Torah Giant Rabbi Chaim Scheinberg Succumbs At 101
search

Torah Giant Rabbi Chaim Scheinberg Succumbs At 101

Rabbi Chaim Pinchas Scheinberg, a Polish-born Torah scholar who grew up in New York City and eventually moved to Israel, where he established one of the country’s leading yeshivot, died in Jerusalem March 20 after a brief illness. He was 101.

He was taken to the hospital late last week, and members of the Orthodox community immediately organized around-the-clock prayer and Psalms vigils on his behalf.

Rabbi Scheinberg, who shepherded the growth of his yeshiva, Torah Ore, into an institution that now has nearly 800 students, was buried on Jerusalem’s Mount of Olives.

The rabbi also was credited for playing a major role in the emergence of the yeshiva’s Kiryat Mattersdorf neighborhood in northern Jerusalem into an area that boasts a large haredi population.

After briefly attending public school here, Rabbi Scheinberg eventually enrolled in New Haven’s Beis Medrash LeRabbonim yeshiva, then in Yeshiva University’s Rabbi Isaac Elchanan Theological Seminary.

After getting married, he spent five years studying in the prestigious Mir Yeshiva in what is now Belarus, before returning to the United States, where he founded Yeshivas Derech Chaim in Brooklyn before settling in Israel.

Best known outside of Orthodox circles for his practice of wearing multiple sets of taleisim at the same time and for often wearing his tefillin the whole day, while presiding in the Torah Ore study hall, he established a reputation among the country’s non-chasidic haredi population as someone sought for personal counseling, religious blessings and questions in Jewish law.

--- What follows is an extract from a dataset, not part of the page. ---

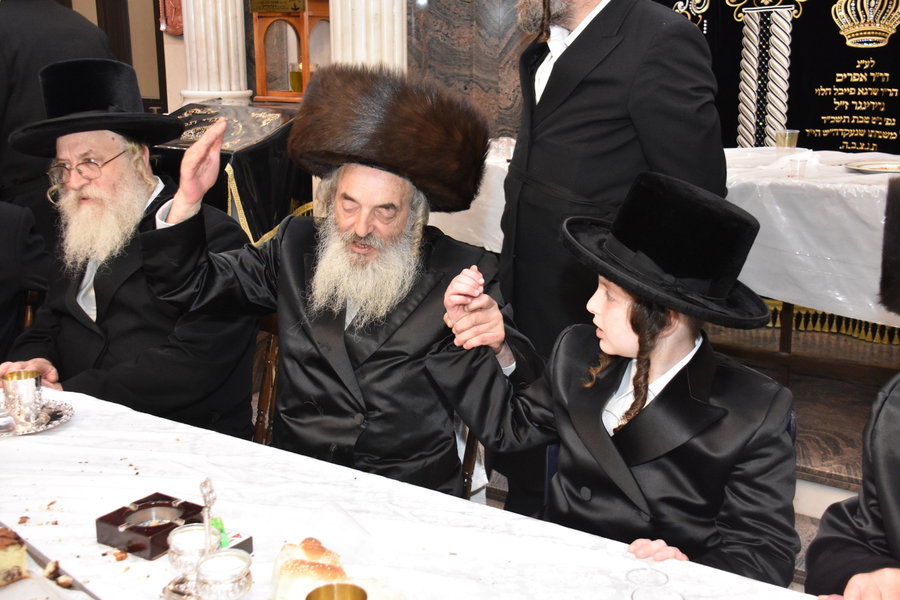 שמחת בר המצווה לנכד האדמו"ר מלעלוב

While his age took a toll on his energy in recent years, he continued to remain active in yeshiva affairs, traveling to the U.S for speaking and fund-raising missions.

Rabbi Scheinberg, who made aliyah in 1963, moved into the then-undeveloped Mattersdorf neighborhood in 1965, two years before Israel’s victory in the Six-Day War spurred an increase in aliyah, including many Orthodox émigrés and temporary students who studied at Torah Ore.